Escritor

Quizá cuando pasen por nosotros un puñado de años, de todos los cantantes que han levadurizado entre los setenta y los noventa sólo quede memoria de Serrat y de Sabina. De los otros habrá una canción, un estribillo, una anécdota, pero acudir a Serrat o a Sabina será como acudir al viejo Romancero, a las letrillas de Lope: destapar el tarro de los aromas de generaciones viejas. Y el caso es que entre ambos hay un mundo de disimilitudes, el mismo que dista a la inocencia del desencanto. Porque ahí es donde veo yo el genio de estos dos cantantes. A su modo, cada uno ha versificado la sustancia de un tiempo apenas distante entre sí, pero lejísimos en lo que atañe al modo de vibrar y de amar y de enfrentarse a la vida. Serrat es el cantor del amor becqueriano, el hermano mayor que nos enseñaba a hurgar en libros de doble lectura, un novio que se resignaba a devolver a su chica antes de que diesen las diez, y que luego aplicó la misma templanza para educar a los locos bajitos que le iban naciendo; Serrat fue un revolucionario sensato, quizá porque pertenece a una época en la que tampoco se consentían demasiadas estridencias. Lo de Sabina es otro cantar. Siendo como es un altísimo poeta, nadie lo querría por yerno, ni siquiera de vecino. Como artista es una alondra urbana, el cantor del amor mercenario, el que puede sin pudores mezclarse con los golfantes que en una noche de farra le robaron el reloj y la cartera, para luego acabar con ellos de putas y de cocaína por los tugurios del Madrid más truculento. Sabina recoge en sus canciones la espuma de una generación ya esquilmada de ilusiones, el desencanto de quienes malviven en el corazón de ciudades que no entienden de piedad ni ternura.

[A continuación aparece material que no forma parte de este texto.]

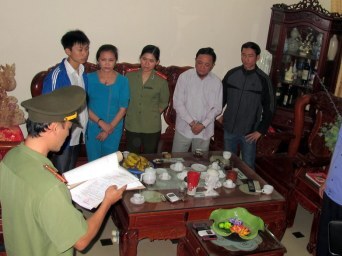 Tiết lộ sốc về “vợ hờ” của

Si Serrat quebraba su voz como un hielo al clarear, lo hacía por un amor aprendido en los libros de Machado y de Hernández; pero a Sabina la voz sólo se la quiebran los excesos y con ellos se ha ido ganando la palma del poeta del tedio, los laureles del genio de la perversión que igual atina a ensalzar a la confusa Magdalena de un burdel de carretera que al vomitivo Torrente o al ladrón de un furgón blindado. Sabina, en cualquier caso, es un magnífico juglar de los tiempos que corren, y aunque él habría preferido embucharse en la vitola de un poeta maldito --y por eso tal vez persiste en su pose de niño terrible de juglaría--, la vida le ha llevado por otros derroteros, y lo ha condenado al éxito.

Yo me confieso admirador de ambos por igual. La voz de Serrat me lleva al paraíso de mis años más amables, a las primeras copas en vaso largo, a una noche y a un parque y a los labios de una mujer que, con ser una bella historia de amor, nunca se llamó Lucía. Son los años en que nuestras vidas atravesaban los primeros umbrales de una transición que prometía milagros a la vuelta de cada esquina, y al doblarla sólo encontramos butroneros.

Los versos de Sabina, sin embargo, saben ya a tabaco y a preservativo; sus canciones son las que se escriben con el corazón amojamado, con la pluma aún chorreante de lágrimas que le brotan a los espejos traicionados o cuando ya apenas si quedan secretos en las cajoneras del entendimiento. Aun así, si yo fuera Fausto o Dorian Gray, sólo trocaría mi porción de eternidad a cambio del talento de cualquiera de estos dos poetas de lo cotidiano; pero siempre que lo intento o ha salido el tranvía o las musas han pasado de mí.